Start of RAW DATA

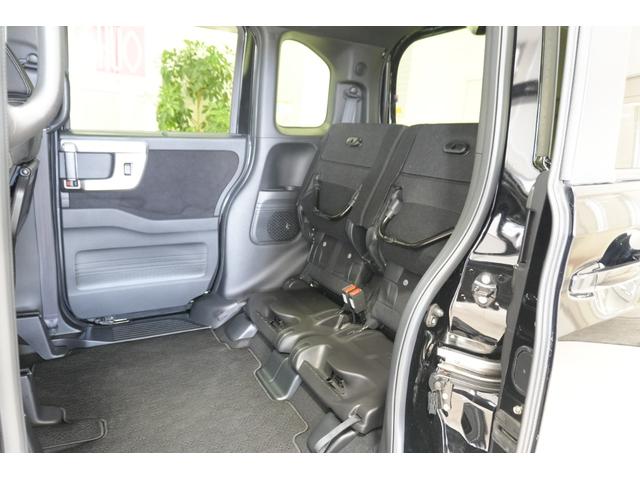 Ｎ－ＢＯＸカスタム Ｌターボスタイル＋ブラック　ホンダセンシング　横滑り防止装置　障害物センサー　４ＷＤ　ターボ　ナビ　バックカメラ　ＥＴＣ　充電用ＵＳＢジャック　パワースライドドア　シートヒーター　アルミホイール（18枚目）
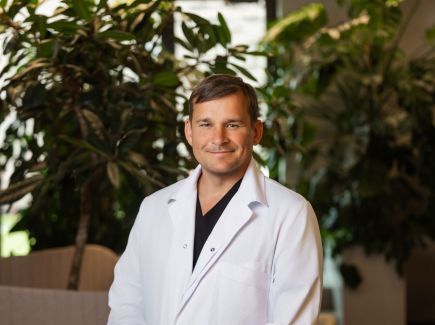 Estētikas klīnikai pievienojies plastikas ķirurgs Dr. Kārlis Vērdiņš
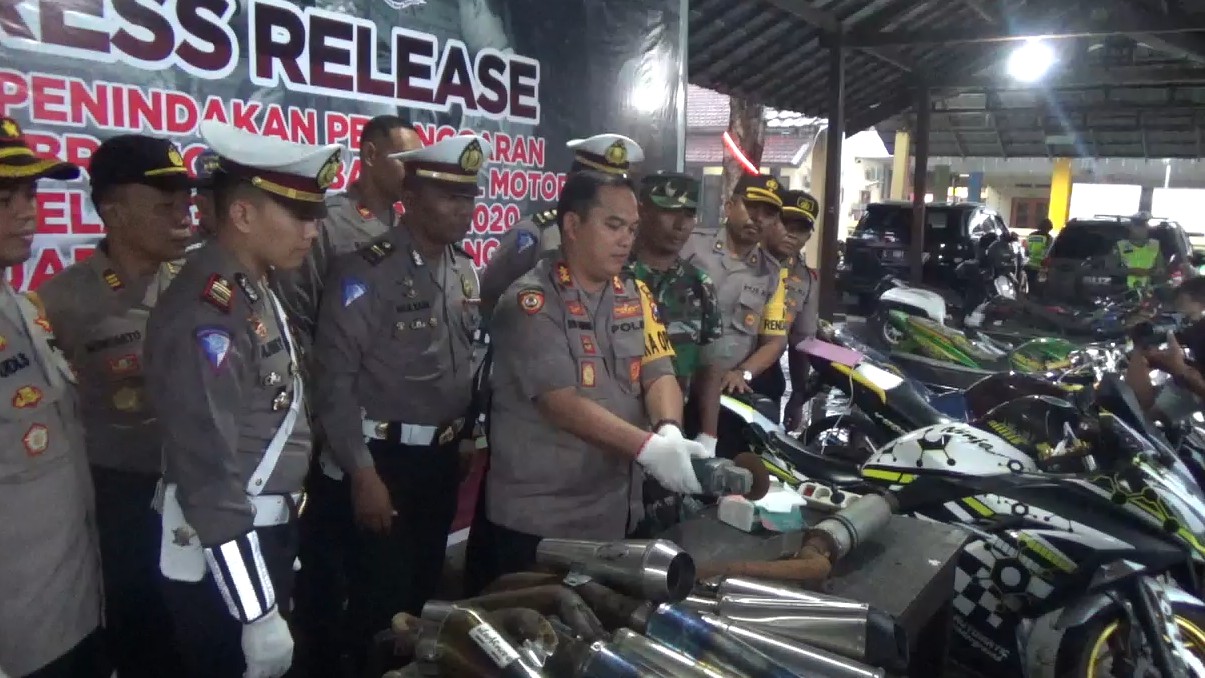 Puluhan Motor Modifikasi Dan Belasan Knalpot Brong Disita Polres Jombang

End of RAW DATA

GOAL OF THE EXERCISE: Leaving aside the pictures, copy the listing above exactly.

SOLUTION BELOW:
 Ｎ－ＢＯＸカスタム Ｌターボスタイル＋ブラック　ホンダセンシング　横滑り防止装置　障害物センサー　４ＷＤ　ターボ　ナビ　バックカメラ　ＥＴＣ　充電用ＵＳＢジャック　パワースライドドア　シートヒーター　アルミホイール（18枚目）
 Estētikas klīnikai pievienojies plastikas ķirurgs Dr. Kārlis Vērdiņš
 Puluhan Motor Modifikasi Dan Belasan Knalpot Brong Disita Polres Jombang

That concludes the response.